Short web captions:
=====
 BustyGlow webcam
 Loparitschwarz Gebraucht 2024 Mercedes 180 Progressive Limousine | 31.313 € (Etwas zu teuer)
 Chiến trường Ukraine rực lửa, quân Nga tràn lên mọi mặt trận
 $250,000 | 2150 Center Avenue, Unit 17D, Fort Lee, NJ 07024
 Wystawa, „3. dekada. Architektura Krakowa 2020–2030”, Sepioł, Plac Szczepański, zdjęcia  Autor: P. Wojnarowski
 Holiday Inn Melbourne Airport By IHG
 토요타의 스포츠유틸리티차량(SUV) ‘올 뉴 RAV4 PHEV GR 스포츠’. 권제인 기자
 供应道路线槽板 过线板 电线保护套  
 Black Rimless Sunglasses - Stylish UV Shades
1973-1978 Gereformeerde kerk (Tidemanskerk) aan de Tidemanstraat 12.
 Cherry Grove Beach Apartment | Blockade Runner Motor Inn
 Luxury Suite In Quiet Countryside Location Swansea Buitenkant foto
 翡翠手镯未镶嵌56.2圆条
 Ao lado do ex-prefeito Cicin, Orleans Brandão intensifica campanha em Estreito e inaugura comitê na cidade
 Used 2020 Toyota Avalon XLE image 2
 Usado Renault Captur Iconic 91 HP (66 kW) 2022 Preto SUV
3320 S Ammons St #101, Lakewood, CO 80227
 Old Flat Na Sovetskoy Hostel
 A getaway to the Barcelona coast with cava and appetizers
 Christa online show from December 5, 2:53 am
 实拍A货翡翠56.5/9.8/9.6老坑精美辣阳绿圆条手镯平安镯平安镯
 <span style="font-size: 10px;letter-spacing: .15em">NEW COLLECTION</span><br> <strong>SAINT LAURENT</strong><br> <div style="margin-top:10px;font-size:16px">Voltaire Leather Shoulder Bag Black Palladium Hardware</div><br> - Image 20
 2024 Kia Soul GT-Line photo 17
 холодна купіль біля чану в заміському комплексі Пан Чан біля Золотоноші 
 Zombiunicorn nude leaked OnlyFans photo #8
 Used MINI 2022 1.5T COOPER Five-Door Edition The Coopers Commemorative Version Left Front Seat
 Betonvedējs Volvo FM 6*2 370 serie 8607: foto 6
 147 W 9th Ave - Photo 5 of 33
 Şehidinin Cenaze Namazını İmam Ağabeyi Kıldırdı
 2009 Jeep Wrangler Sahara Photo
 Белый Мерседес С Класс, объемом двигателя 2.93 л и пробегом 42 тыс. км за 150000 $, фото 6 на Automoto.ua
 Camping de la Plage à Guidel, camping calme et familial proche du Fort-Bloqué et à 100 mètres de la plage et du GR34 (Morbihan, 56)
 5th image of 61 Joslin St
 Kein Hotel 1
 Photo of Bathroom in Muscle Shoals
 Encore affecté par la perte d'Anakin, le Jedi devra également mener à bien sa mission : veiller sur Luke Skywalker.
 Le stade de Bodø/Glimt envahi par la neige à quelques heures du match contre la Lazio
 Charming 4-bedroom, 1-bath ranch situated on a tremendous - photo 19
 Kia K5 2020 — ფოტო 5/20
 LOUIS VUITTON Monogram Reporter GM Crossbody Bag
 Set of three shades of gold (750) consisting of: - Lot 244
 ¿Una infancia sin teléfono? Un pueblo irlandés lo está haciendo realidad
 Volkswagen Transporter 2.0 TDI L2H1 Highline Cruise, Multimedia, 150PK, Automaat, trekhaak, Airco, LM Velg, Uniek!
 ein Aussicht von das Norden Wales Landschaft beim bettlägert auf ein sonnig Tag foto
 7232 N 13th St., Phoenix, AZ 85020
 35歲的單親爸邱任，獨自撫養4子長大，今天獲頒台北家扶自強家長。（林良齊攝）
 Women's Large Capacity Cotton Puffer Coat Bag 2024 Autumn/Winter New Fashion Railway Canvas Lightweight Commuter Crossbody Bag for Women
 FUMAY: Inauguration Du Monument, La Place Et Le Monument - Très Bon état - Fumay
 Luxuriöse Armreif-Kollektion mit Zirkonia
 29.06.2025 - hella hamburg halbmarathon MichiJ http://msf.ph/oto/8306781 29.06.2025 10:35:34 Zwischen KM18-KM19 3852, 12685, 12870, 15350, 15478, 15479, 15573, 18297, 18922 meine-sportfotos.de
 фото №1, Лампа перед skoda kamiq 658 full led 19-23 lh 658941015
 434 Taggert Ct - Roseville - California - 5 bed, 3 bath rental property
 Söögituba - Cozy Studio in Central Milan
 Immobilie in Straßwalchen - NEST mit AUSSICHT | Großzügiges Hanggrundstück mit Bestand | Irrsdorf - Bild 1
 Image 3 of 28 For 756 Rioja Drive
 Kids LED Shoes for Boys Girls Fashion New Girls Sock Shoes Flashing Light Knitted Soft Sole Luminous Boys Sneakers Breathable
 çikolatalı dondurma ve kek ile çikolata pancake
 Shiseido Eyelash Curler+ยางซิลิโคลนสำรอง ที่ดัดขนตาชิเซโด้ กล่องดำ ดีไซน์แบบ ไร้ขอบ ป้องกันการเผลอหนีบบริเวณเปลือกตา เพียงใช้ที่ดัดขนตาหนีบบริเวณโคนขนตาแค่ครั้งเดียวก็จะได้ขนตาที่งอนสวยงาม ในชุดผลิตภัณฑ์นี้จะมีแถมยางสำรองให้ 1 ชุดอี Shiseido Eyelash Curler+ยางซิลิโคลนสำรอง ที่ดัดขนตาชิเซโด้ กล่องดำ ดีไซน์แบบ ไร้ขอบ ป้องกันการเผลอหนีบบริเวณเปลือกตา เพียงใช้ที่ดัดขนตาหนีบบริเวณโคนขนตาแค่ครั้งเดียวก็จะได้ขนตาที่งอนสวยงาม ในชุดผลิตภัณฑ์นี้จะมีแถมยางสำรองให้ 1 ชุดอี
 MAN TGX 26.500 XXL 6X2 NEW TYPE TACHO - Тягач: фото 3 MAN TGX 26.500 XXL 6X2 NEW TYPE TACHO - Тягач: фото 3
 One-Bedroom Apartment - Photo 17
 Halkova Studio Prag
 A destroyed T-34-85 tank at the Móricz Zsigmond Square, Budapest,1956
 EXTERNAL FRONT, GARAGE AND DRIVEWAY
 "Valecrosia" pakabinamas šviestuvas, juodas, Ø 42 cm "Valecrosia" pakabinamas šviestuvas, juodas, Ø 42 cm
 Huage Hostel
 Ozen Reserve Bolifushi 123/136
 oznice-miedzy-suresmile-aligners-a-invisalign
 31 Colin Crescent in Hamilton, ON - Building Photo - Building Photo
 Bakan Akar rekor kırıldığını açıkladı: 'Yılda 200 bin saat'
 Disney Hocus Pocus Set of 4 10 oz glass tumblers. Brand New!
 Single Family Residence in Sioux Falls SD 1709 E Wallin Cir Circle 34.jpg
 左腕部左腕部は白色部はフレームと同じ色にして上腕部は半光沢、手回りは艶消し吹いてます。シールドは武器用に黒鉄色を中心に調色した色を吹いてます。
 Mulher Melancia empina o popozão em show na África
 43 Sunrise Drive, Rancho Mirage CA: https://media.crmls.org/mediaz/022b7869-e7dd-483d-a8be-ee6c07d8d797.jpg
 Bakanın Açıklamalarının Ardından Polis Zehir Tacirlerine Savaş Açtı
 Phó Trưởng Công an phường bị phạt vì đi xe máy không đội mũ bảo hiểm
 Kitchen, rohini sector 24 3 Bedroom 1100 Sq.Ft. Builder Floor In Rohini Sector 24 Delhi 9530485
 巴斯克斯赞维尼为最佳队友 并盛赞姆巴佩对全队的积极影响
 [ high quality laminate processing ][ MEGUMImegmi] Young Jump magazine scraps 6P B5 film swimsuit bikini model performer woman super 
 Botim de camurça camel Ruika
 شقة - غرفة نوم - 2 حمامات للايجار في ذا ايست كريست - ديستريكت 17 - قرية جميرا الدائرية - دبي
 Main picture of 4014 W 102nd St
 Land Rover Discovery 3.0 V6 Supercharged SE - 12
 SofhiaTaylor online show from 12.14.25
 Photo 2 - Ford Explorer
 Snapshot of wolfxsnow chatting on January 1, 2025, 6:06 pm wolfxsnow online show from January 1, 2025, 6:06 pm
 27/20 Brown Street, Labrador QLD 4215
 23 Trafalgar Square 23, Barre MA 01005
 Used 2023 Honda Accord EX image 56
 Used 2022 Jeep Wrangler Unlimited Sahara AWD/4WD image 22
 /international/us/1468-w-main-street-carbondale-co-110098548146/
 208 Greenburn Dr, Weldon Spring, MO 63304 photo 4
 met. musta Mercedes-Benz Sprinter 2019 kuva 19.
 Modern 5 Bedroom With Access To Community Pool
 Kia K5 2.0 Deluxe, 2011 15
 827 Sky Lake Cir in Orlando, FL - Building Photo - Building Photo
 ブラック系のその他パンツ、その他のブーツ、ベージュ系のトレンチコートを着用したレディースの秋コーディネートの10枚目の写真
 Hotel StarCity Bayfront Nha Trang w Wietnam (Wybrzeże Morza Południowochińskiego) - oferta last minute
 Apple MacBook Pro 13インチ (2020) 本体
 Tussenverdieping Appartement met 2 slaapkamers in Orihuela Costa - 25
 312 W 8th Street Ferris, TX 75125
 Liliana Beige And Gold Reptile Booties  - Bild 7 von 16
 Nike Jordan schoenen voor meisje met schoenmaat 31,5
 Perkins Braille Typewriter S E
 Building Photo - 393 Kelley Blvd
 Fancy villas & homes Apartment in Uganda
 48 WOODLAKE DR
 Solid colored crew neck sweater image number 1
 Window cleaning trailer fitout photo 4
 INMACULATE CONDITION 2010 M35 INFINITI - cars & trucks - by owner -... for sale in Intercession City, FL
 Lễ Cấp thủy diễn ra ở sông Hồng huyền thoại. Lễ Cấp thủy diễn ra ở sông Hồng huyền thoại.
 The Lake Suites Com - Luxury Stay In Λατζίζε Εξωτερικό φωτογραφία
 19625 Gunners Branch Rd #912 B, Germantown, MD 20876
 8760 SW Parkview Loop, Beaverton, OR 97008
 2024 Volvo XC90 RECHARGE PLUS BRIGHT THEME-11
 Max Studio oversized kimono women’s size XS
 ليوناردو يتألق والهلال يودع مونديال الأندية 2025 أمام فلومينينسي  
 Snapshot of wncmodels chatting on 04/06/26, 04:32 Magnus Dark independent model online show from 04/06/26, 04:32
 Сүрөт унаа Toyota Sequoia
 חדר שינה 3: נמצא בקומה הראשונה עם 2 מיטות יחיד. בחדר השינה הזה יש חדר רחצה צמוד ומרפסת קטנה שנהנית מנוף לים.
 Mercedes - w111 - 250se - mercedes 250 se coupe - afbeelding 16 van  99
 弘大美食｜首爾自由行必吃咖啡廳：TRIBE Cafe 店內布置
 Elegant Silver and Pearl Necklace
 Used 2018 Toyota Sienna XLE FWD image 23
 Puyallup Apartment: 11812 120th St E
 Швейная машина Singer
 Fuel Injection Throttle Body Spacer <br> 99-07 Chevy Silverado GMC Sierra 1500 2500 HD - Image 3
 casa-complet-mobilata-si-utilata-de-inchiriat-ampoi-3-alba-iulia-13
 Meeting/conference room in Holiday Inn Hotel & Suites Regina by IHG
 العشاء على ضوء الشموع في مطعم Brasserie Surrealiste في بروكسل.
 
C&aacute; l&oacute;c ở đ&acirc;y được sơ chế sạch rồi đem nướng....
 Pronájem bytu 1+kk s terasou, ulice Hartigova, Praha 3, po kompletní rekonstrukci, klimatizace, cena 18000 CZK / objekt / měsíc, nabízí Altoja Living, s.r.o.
=====
* [Task to carry out]: Find the string "Snapshot" in the entries above and return each line that holds it.

* [Exercise response]:
 Snapshot of wolfxsnow chatting on January 1, 2025, 6:06 pm wolfxsnow online show from January 1, 2025, 6:06 pm
 Snapshot of wncmodels chatting on 04/06/26, 04:32 Magnus Dark independent model online show from 04/06/26, 04:32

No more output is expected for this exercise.